SPECK, BRUNO WILHELM . O financiamento político e a corrupção no Brasil. In: Rita de Cassia Biason. (Org.). Temas de corrupção política no Brasil. 1ed.São Paulo: Balão Editorial, 2012, v. 1, p. 49-97, p. 80.

86

aplicação das regras tem papel decisivo na relação de poder entre os agentes públicos e privados envolvi- dos na transação;

(d) Processos de fiscalização: Praticamente todas as empresas estão sujeitas à fiscalização por órgãos públicos, o que inclui a fiscalização de mercadorias na alfândega, a fiscalização sobre o cumprimento da legislação trabalhista, a fiscalização ambiental, a fiscalização de saúde, entre outros. A possibilidade de comportamentos arbitrários nessas áreas é maior que em outras; e,

(e) Empréstimos estatais: A concessão de empréstimos é de importância fundamental para viabilizar empreendimentos privados. O Estado é um dos grandes agentes no mercado financeiro de empréstimos para alavancar atividades privadas. Novamente, o pagamento de suborno e o financiamento de campanhas podem levar os servidores públicos envolvidos nas decisões a abandonar tais regras, viabilizando negócios que de outra forma talvez não se concretizassem.

Os benefícios para empresas privadas só são possíveis por meio da transgressão de princípios básicos da administração pública, como a impessoalidade, a moralidade, a eficiência e a legalidade.
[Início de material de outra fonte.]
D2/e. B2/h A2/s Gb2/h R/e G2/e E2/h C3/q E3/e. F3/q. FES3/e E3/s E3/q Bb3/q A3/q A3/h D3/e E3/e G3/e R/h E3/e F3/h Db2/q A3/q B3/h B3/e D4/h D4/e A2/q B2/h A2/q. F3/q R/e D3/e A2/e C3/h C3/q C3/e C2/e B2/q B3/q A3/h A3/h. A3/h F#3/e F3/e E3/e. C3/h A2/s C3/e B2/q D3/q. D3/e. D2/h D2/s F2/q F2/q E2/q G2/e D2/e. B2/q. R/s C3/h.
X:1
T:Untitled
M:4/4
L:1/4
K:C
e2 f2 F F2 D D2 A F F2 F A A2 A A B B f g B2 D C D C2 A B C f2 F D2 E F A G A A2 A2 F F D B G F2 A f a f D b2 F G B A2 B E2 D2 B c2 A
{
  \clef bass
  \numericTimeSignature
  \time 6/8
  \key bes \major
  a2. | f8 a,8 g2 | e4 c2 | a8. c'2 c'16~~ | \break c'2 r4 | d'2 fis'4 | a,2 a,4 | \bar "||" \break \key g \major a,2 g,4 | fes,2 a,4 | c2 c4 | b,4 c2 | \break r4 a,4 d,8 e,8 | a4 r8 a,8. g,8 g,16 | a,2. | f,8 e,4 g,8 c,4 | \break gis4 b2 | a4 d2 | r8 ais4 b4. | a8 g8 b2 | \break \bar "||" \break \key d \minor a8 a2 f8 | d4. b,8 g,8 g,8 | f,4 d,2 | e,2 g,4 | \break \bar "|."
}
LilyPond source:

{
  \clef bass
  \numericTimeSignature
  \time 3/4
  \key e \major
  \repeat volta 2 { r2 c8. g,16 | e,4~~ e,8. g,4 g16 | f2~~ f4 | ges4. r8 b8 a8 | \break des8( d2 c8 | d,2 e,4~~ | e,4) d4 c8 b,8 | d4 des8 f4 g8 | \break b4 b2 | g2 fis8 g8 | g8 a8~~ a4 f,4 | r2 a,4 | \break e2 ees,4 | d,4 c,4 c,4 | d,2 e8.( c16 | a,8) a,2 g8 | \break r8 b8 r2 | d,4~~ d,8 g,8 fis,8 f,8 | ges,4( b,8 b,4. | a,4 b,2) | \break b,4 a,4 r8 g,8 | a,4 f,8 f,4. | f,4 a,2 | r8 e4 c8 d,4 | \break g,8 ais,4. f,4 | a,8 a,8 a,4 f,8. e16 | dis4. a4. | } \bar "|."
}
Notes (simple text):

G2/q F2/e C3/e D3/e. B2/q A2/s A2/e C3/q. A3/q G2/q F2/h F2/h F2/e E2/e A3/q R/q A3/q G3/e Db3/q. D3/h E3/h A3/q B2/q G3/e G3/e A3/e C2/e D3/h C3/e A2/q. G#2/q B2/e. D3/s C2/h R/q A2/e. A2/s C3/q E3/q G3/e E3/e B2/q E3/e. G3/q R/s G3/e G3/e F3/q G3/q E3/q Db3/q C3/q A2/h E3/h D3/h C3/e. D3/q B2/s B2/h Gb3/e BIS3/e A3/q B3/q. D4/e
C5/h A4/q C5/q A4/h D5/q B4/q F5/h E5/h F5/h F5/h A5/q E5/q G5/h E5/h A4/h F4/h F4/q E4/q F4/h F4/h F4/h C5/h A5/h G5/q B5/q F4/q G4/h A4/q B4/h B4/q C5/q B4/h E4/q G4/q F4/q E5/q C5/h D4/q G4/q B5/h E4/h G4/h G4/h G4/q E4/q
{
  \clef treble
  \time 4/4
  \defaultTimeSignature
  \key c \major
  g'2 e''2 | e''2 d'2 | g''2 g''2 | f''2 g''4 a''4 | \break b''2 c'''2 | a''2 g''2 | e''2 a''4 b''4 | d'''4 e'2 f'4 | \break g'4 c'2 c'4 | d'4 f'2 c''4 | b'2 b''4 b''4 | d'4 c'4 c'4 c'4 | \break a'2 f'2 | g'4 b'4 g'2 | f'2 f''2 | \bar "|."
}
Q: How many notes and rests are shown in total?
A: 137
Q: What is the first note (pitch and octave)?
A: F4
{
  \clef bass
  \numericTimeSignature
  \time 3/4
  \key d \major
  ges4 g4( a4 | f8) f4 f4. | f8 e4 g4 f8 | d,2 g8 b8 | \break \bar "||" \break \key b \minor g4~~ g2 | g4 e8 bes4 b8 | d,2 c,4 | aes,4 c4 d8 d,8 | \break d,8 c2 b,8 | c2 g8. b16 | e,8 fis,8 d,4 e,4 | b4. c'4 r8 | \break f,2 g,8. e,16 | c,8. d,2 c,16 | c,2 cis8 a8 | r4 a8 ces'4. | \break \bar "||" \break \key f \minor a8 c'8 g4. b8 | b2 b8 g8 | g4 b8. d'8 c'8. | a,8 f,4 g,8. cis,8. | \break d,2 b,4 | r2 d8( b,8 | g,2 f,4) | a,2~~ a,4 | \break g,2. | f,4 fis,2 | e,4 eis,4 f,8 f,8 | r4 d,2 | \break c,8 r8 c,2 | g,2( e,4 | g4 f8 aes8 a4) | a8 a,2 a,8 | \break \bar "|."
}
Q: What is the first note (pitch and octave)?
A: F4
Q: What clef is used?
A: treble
Leis e regulamentos limitam a margem de manobra para os servidores públicos decidirem arbitrariamente sobre processos de contratação, a concessão de crédito ou a fiscalização de uma empresa suspeita de evasão fiscal.

Praticamente todos esses benefícios podem ser obtidos tanto por meio do suborno a funcionários como de doações políticas. Os benefícios gerados para a empresa são os mesmos, independentemente de o favorecimento ter origem em um suborno pago a um funcionário ou em financiamento a um partido político. Do ponto de vista da empresa, a diferença se resume a duas estratégias diversas para alcançar o mesmo objetivo. Do ponto de vista do poder público, há diferenças consideráveis entre a corrupção administrativa e a concessão de favores em consequência de doações políticas.

Essas diferenças entre a corrupção administrativa, por meio do suborno a servidores, e a corrupção por meio do financiamento da competição política, segundo Speck, podem ser assim retratadas:

A primeira resume-se a uma relação entre servidores e agentes privados. Esses esquemas podem causar danos consideráveis ao interesse público. Porém, para enfrentá-los, as medidas mais eficientes tendem a ser regras mais claras, controle mais denso e maior transparência.

Já a intermediação de favores por agentes eleitos envolve problemas colaterais mais complexos. Quando legisladores têm ascendência sobre a administração e o governo goza de apoio fragmentado no Legislativo, relações de apoio são negocia- das com legisladores individuais mais do que com partidos, e a governabilidade é mantida em troca do acesso aos cargos públicos para os aliados. Esse sistema, conhecido como de spoils, ou patronagem, permite que legisladores indiquem membros de seu grupo para ocupar determinados cargos públicos. Os indicados, por sua vez, serão os contatos quando favores para doadores de campanhas deverem ser recompensados. Uma segunda fragilidade colateral refere-se à independência e profissionalização do serviço público. Enquanto na corrupção administrativa os servidores públicos entram em esquemas baseados em um cálculo de risco que não envolve necessariamente atores externos, no caso de favores intermediados por legislado- res ou governantes as implicações são mais amplas. Nessa constelação, o serviço público carece tipicamente de profissionalização e independência que o proteja de interferências externas. O servidor não dispõe de amparo institucional para se proteger de demandas externas, e caso os esquemas sejam descobertos precisará do apoio dessas redes de influência para se proteger contra sanções.156

É de se concluir, portanto, que essas relações entre a compra de favores por meio de doações para campanhas eleitorais com problemas na relação entre o governo e sua base parlamentar de um lado e a baixa profissionalização do serviço público do outro ilustram a diferença fundamental entre corrupção administrativa e corrupção por meio de doações do ponto de vista das implicações e dos danos causados na administração pública.